[[ Exercise inputs open ]]

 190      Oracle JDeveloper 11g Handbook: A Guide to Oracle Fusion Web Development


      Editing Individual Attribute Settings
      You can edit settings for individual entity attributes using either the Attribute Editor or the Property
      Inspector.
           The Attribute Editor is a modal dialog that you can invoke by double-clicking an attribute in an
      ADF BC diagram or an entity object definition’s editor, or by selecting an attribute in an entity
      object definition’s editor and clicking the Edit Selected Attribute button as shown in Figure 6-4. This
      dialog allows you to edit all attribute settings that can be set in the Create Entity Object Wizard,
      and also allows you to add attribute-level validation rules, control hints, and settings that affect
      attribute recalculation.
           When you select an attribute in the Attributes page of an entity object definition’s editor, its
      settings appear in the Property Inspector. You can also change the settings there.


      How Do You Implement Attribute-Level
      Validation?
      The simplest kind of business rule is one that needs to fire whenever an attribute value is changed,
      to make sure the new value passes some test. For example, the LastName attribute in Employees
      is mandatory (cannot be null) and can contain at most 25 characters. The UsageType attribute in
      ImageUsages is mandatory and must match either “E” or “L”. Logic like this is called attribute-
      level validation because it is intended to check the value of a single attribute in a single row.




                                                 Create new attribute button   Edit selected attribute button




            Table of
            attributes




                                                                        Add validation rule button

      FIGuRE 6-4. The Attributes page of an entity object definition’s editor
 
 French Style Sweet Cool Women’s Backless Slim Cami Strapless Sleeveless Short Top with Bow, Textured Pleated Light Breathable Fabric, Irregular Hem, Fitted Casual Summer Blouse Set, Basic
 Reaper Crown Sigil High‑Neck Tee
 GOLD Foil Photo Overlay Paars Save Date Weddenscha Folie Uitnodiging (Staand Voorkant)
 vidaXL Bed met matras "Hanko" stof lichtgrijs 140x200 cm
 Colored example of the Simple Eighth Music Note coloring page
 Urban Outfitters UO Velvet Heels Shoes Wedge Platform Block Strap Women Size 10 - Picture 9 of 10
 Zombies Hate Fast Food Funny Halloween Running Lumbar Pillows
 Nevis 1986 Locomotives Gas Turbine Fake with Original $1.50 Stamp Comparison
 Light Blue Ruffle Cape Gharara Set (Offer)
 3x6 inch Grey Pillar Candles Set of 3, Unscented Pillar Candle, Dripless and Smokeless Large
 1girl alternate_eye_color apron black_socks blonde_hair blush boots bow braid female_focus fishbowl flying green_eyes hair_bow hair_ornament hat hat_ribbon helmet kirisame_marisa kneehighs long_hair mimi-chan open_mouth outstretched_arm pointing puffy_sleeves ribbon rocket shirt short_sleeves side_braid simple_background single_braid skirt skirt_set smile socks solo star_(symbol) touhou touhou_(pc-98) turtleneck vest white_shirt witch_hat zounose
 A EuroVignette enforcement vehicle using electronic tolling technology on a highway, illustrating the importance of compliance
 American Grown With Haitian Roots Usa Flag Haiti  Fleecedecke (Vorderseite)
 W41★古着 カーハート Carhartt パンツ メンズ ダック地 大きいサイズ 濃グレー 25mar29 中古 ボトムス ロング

[[ Exercise inputs closed ]]

Required work: Each line of the data must be copied exactly as it appears.

Answer space:
 190      Oracle JDeveloper 11g Handbook: A Guide to Oracle Fusion Web Development


      Editing Individual Attribute Settings
      You can edit settings for individual entity attributes using either the Attribute Editor or the Property
      Inspector.
           The Attribute Editor is a modal dialog that you can invoke by double-clicking an attribute in an
      ADF BC diagram or an entity object definition’s editor, or by selecting an attribute in an entity
      object definition’s editor and clicking the Edit Selected Attribute button as shown in Figure 6-4. This
      dialog allows you to edit all attribute settings that can be set in the Create Entity Object Wizard,
      and also allows you to add attribute-level validation rules, control hints, and settings that affect
      attribute recalculation.
           When you select an attribute in the Attributes page of an entity object definition’s editor, its
      settings appear in the Property Inspector. You can also change the settings there.


      How Do You Implement Attribute-Level
      Validation?
      The simplest kind of business rule is one that needs to fire whenever an attribute value is changed,
      to make sure the new value passes some test. For example, the LastName attribute in Employees
      is mandatory (cannot be null) and can contain at most 25 characters. The UsageType attribute in
      ImageUsages is mandatory and must match either “E” or “L”. Logic like this is called attribute-
      level validation because it is intended to check the value of a single attribute in a single row.




                                                 Create new attribute button   Edit selected attribute button




            Table of
            attributes




                                                                        Add validation rule button

      FIGuRE 6-4. The Attributes page of an entity object definition’s editor
 
 French Style Sweet Cool Women’s Backless Slim Cami Strapless Sleeveless Short Top with Bow, Textured Pleated Light Breathable Fabric, Irregular Hem, Fitted Casual Summer Blouse Set, Basic
 Reaper Crown Sigil High‑Neck Tee
 GOLD Foil Photo Overlay Paars Save Date Weddenscha Folie Uitnodiging (Staand Voorkant)
 vidaXL Bed met matras "Hanko" stof lichtgrijs 140x200 cm
 Colored example of the Simple Eighth Music Note coloring page
 Urban Outfitters UO Velvet Heels Shoes Wedge Platform Block Strap Women Size 10 - Picture 9 of 10
 Zombies Hate Fast Food Funny Halloween Running Lumbar Pillows
 Nevis 1986 Locomotives Gas Turbine Fake with Original $1.50 Stamp Comparison
 Light Blue Ruffle Cape Gharara Set (Offer)
 3x6 inch Grey Pillar Candles Set of 3, Unscented Pillar Candle, Dripless and Smokeless Large
 1girl alternate_eye_color apron black_socks blonde_hair blush boots bow braid female_focus fishbowl flying green_eyes hair_bow hair_ornament hat hat_ribbon helmet kirisame_marisa kneehighs long_hair mimi-chan open_mouth outstretched_arm pointing puffy_sleeves ribbon rocket shirt short_sleeves side_braid simple_background single_braid skirt skirt_set smile socks solo star_(symbol) touhou touhou_(pc-98) turtleneck vest white_shirt witch_hat zounose
 A EuroVignette enforcement vehicle using electronic tolling technology on a highway, illustrating the importance of compliance
 American Grown With Haitian Roots Usa Flag Haiti  Fleecedecke (Vorderseite)
 W41★古着 カーハート Carhartt パンツ メンズ ダック地 大きいサイズ 濃グレー 25mar29 中古 ボトムス ロング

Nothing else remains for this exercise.